Each of the winners will receive support including:
- business incubator support (valued at $300,000) from MaRS;
- the opportunity to work with federal labs to develop their technology (up to $250,000 in value); and
- an annual $115,000 stipend for living and travel expenses for the two-and-a-half-year duration of the challenge.
“Congratulations to all of the participants in the Women in Cleantech Challenge,” says Yung Wu, CEO of MaRS. “From new manufacturing technologies to renewable energy solutions, the ideas pitched today demonstrate tremendous potential for our cleantech sector. I would like to wish this incredible group of innovators all the best. And to the six finalists: I can’t wait to watch you scale your ideas into global success stories.”

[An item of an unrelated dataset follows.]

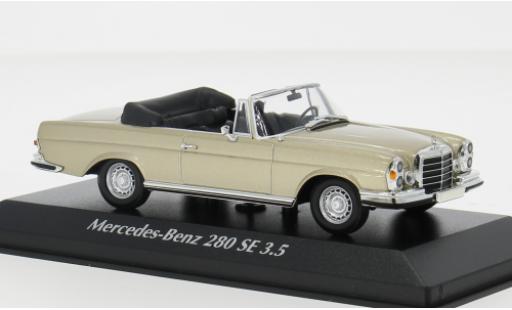 Mercedes 280 1/43 Maxichamps SE 3.5 (W111) Cabriolet gold 1970 1:43 modellino in miniatura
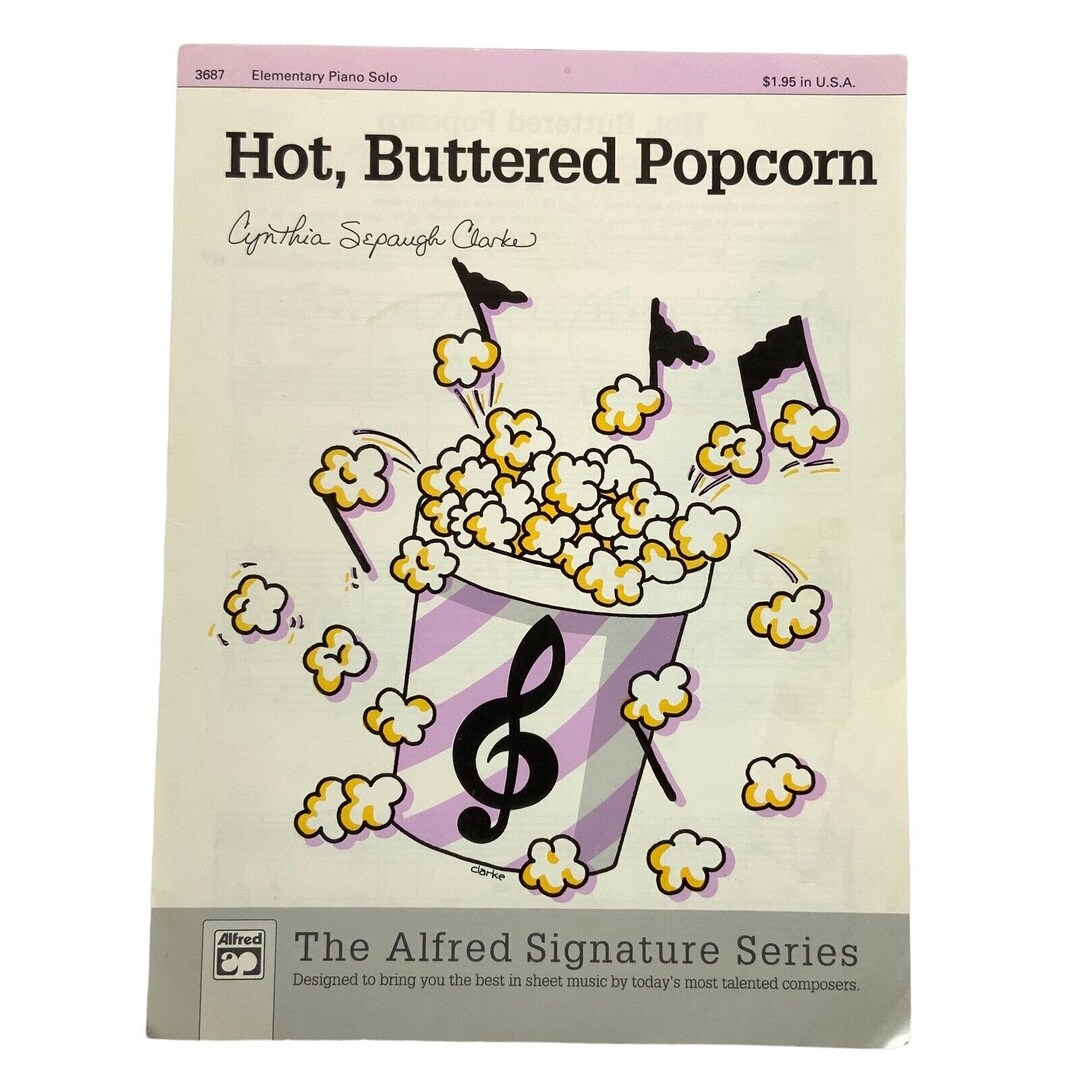 Hot Buttered Popcorn Piano Sheet Music by Cynthia Sepaugh Etsy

“Today’s Women in Cleantech Challenge event is a great example of our Government’s commitment to promoting greater gender parity,” said Amarjeet Sohi, Minister of Natural Resources Canada. “This is nowhere more true than in cleantech, a sector that holds the key to Canada’s low-carbon economy. On behalf of all Canadians, I offer congratulations to the winners and all Challenge participants for their contribution to Canada’s cleantech leadership.”
The Women in Cleantech Challenge is jointly supported by MaRS and Natural Resources Canada. It received 150 applications from across Canada. Ten semi-finalists were invited to pitch their ideas before a live audience of more than 400 attendees.
The Challenge is the first of five challenges under Natural Resources Canada’s Cleantech Impact program, a $75-million initiative to introduce the use of prize challenges aimed at greater impacts from cleantech investments.